→ DATA EXTRACT
################

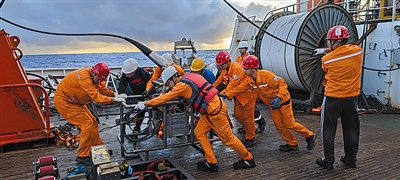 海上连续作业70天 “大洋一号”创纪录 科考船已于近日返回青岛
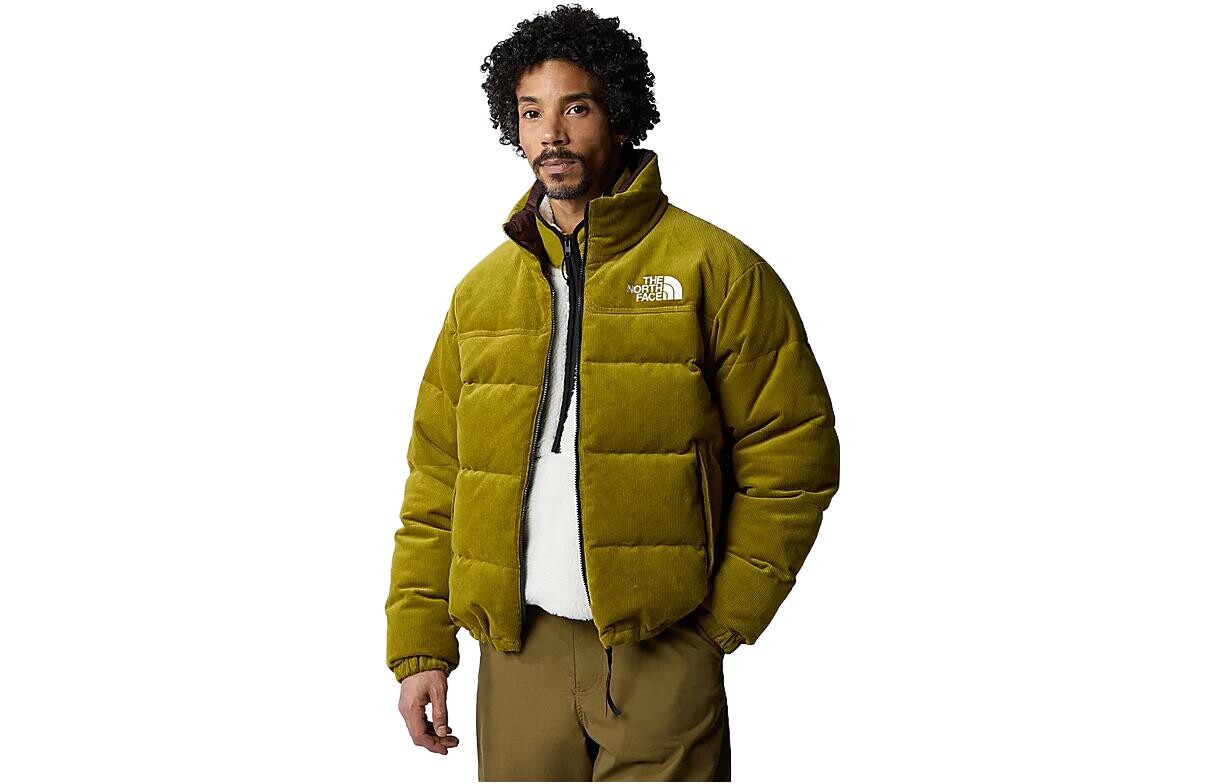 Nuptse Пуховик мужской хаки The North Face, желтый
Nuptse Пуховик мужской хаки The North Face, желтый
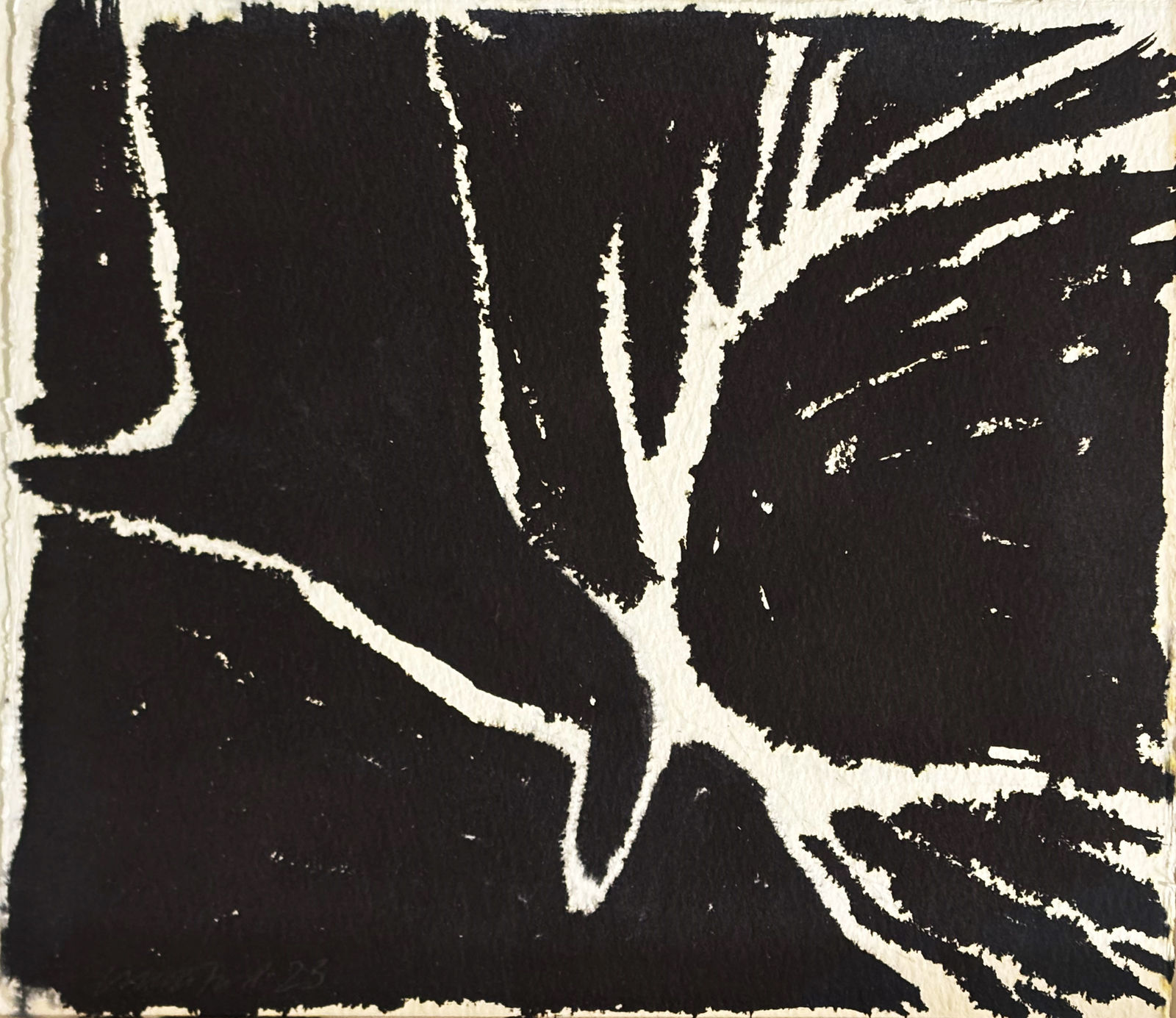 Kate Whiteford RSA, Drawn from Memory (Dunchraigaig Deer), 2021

################

A word-for-word copy of the listing is needed. It must not include the pictures.

→ SOLUTION TO THE EXERCISE
 海上连续作业70天 “大洋一号”创纪录 科考船已于近日返回青岛
 Nuptse Пуховик мужской хаки The North Face, желтый
Nuptse Пуховик мужской хаки The North Face, желтый
 Kate Whiteford RSA, Drawn from Memory (Dunchraigaig Deer), 2021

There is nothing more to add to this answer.